In operation, the D.C. offset of two V.sub.be 's, provided between the bases of transistors 5 and 6, match the corresponding offset required between the bases of transistors 7 and 8. Accordingly, the quiescent voltage at the emitters (point A) of input transistor pair 1 and 2 is set so that transistors 7 and 8 simultaneously are placed at their respective thresholds of conduction. Thus, assuming, for example, that input 9 is up and input 10 is down and then the signal at input terminal 9 begins to fall, causing a corresponding fall at point A, transistor 7 immediately begins to conduct while transistor 8 immediately ceases to conduct. A transient excursion of only a fraction of a V.sub.be is sufficient to produce these results whereby very fast response occurs to a falling input signal excursion as compared to state-of-the-art complementary emitter follower circuits. Similarly, when both inputs 9 and 10 are down and an input signal excursion of increasing sense occurs at terminal 9, transistor 8 immediately begins to conduct while transistor 7 immediately ceases to conduct.

It is to be noted that the current source comprising transistor 3 and resistor 11 imparts unity gain to the input emitter follower pair 1 and 2. Similarly, the current source comprising transistor 4 and resistor 17, together with diode-connected transistor 5, imparts unity gain to emitter follower 6. Thus, the potential at point A follows that of points 9 and 10 with unity gain while the potential at point B follows that of point A with the same unity gain. By virtue of the bridge arrangement of transistors 5, 6, 7 and 8 and the matched V.sub.be 's thereof, the potential of point C closely tracks that of point B also with unity gain.
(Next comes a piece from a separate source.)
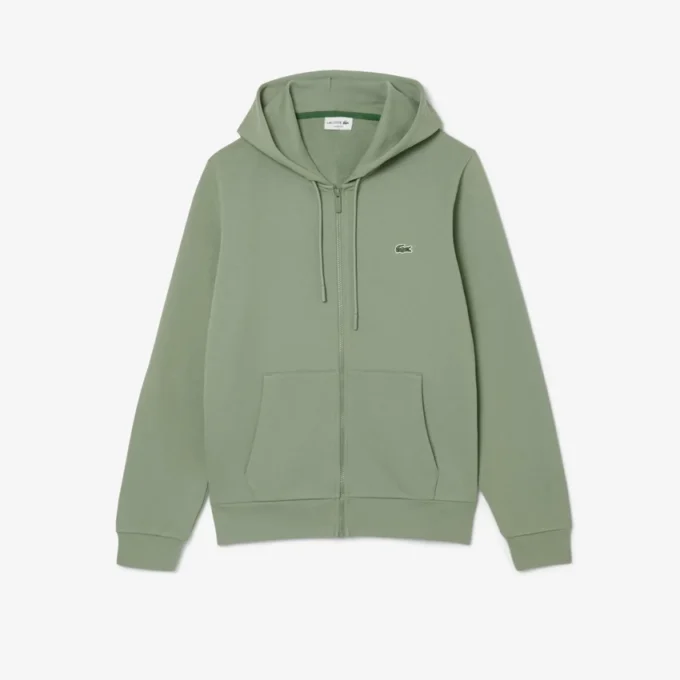 Sudadera de forro polar con cremallera y corte clásico para hombre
The D.C. offset of one V.sub.be from the base to the emitter of NPN transistor 1 or 2 is negated by the equal and opposite D.C. offset of one V.sub.be from the emitter to the base of PNP transistor 6. Inasmuch as point C tracks point B as previously explained, there is no net D.C. offset acting between output terminal 14 and either of input terminals 9 or 10.
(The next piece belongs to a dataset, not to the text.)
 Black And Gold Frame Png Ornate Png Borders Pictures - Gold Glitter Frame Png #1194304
Typical parameter values for the circuit shown in the FIGURE are as follows:

______________________________________Voltage Sources Volts______________________________________12 -213 +0.815 -0.816 +2______________________________________Resistors Ohms______________________________________11 1K17 1K______________________________________

Claims

1. A circuit comprising

a first pair of complementary bipolar transistors having emitters directly connected to each other

a second pair of complementary bipolar transistors having emitters directly connected to each other and to an output terminal

the bases of the transistors of similar kind of said first and second pairs of transistors being directly connected to each other,

one of the transistors of said first pair of transistors having base and collector directly connected together,

a plurality of input transistors of the same type as said one of said transistors,

the base of the other transistor of said first pair of transistors being connected to the emitters of said input transistors,

the bases of said input transistors being connected to respective input terminals,

a first current source connected to the emitters of said input transistors,

a second current source connected to the collector of said one of said transistors, and

means for biasing the collectors of said transistors other than said one of said transistors.

2. The circuit defined in claim 1 wherein said input transistors are NPN type.
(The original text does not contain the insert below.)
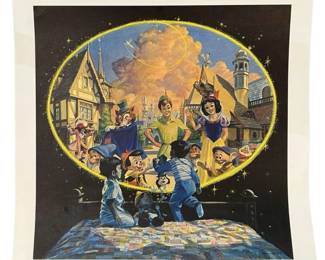 Signed Charles Boyer Disney Print
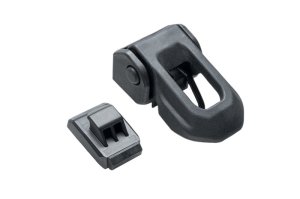 Jeep Wrangler JL Hood Catch - Left or Right Side - OMIX - OE Style Replacement - Black - `18-`27 Jeep Wrangler JL Hood Catch - Left or Right Side - OMIX - OE Style Replacement - Black - `18-`27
3. The circuit defined in claim 1 wherein the voltages for forward biasing the emitter base junctions (V.sub.be 's) of said transistors are approximately equal to each other.

4. The circuit defined in claim 1 wherein the (f.sub.t 's) of said transistors are approximately equal to each other.

5. The circuit defined in claim 1 wherein the voltages for forward biasing the emitter base junctions (V.sub.be 's) and the f.sub.t 's of said transistors are approximately equal to each other.

6. The circuit defined in claim 1 wherein the voltages for forward biasing the emitter base junctions (V.sub.be 's) of said first pair of transistors are equal to each other and the V.sub.be's of said second pair of transistors are equal to each other.